▶ [What is required]
Nothing but a verbatim copy of the data, minus the images, should be returned.

▶ [Input data]

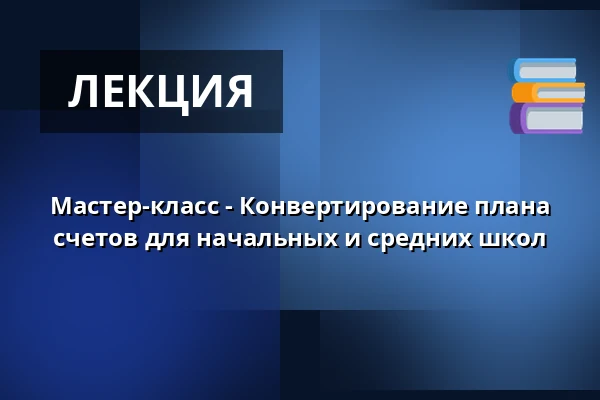 Мастер-класс - Конвертирование плана счетов для начальных и средних школ — Scandic Kolding, Колдинг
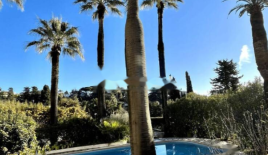 Квартира за 169 000 евро в Каннах, Франция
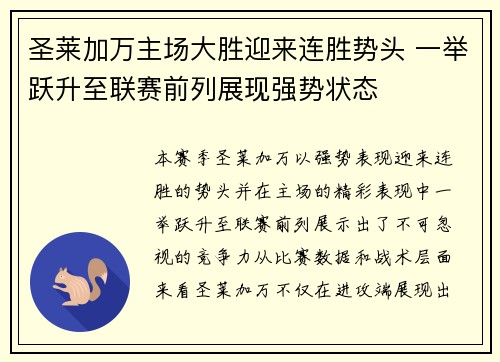 圣莱加万主场大胜迎来连胜势头 一举跃升至联赛前列展现强势状态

▶ [Task response]
 Мастер-класс - Конвертирование плана счетов для начальных и средних школ — Scandic Kolding, Колдинг
 Квартира за 169 000 евро в Каннах, Франция
 圣莱加万主场大胜迎来连胜势头 一举跃升至联赛前列展现强势状态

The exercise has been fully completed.